Я прожил свою жизнь без видимой цели, без особого блеска, без большого достоинства, но в общем и целом — безропотно. Как пишет свой первый роман престарелый отец семейства, как нищета влюбляется в роскошь и барышня — в хулигана, я жил в смирении: без надежды на успех, без надежды. Я не виноват, если кто-то заблуждался на мой счет.
Я хочу… Нет, не хочу. Алчный и робкий одновременно, покупатель покидает базар житейской суеты с пустыми и не очень чистыми руками. Его недовольство носит академический характер и остается незамеченным. Все, что он может себе позволить, — взгляд, исполненный горечи и зависти, жестокий взгляд, который со стороны кажется смешным и потерянным. Взглядом он пытается отобрать то, что не посмел купить.
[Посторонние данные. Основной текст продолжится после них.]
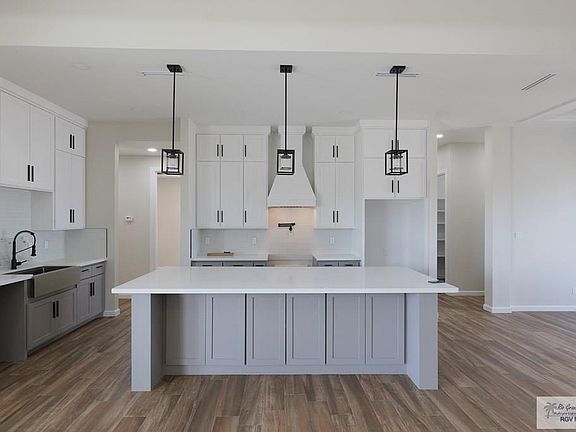 4th image of 8626 Bellagio Cir #7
Беда в том, что его жалкие сбережения остались нетронутыми; не превратившись ни в сосульку, ни в свистульку, теперь они пропадут. Может, их хватит на совсем простой гроб? Но ему обидно, он копил вовсе не на похороны и согласен, чтобы его по-быстрому сожгли и утилизовали за общественный счет. Неожиданно он понимает, что следующий базарный день для него может и не наступить. Он понимает это слишком поздно.
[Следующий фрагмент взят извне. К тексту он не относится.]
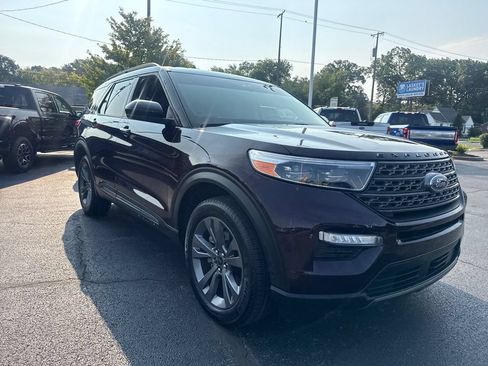 Used 2023 Ford Explorer XLT w/ Equipment Group 202A AWD/4WD image 4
Среди людей, совершивших свои покупки, большинство — обманутых, но это до них дойдет потом, сейчас они хвалятся, обмывают и радуются, что кого-то надули. Жарится сомнительный шашлык, блещут стаканы; здесь же женщины, здесь же бьют морду. Ух, веселье. Правду сказать, ничто не мешало принять в нем участие.
Ранняя осень, самый первый сумрак вечера. Казалось, я совершаю экскурсию по пепелищу. Бары закрылись, магазины обеднели, знакомые дома, оставаясь на знакомых местах, блестели новой краской фасадов или, наоборот, неузнаваемо облезли. Асфальт под ногой оказался развороченным, и что-то было в лесах, что-то — перерыто, что-то — починено. Люди, по своему обыкновению, отводили глаза.
Я на них, наверное, смотрю, но не уверен, что вижу. Я не вижу даже себя, отражающегося в широкой витрине. Это я? Какое странное слово; за ним ничего не стоит, а кажется, что стоит столь многое и все имеет к тебе самое непосредственное отношение. Нет? Опять нет? Как же так, любой человек способен себя опознать, знает свои глаза, волосы, запах, привычки и амбиции по списку; и все это вырастает вокруг него плотной несокрушимой стеной, крепостью, медленно меняющиеся, но постоянные очертания которой он видит в зеркале и на многолюдной фотографии. Медленные изменения, смена иллюзий — заметные, но незамечаемые, как смена времен года, — совершаются непрерывно. Второстепенные разрушения видны хорошо, о главных только догадываешься, да и то не всегда. Крепость стоит: утратив первоначальный вид, не утратив сути. Разрушения приходят извне, внутреннее, даже не сумев их предотвратить, сохранилось и только приняло иную форму. В такие вещи всегда веришь, даже если знаешь, что это неправда.
Люди часто совершают поступки непостижимые, подумал я, глядя на загорающийся зеленый свет на углу Владимирского проспекта и авеню Двадцать Пятого Октября. Ну что же, все было же совсем или совсем не так, но очень, очень интересно.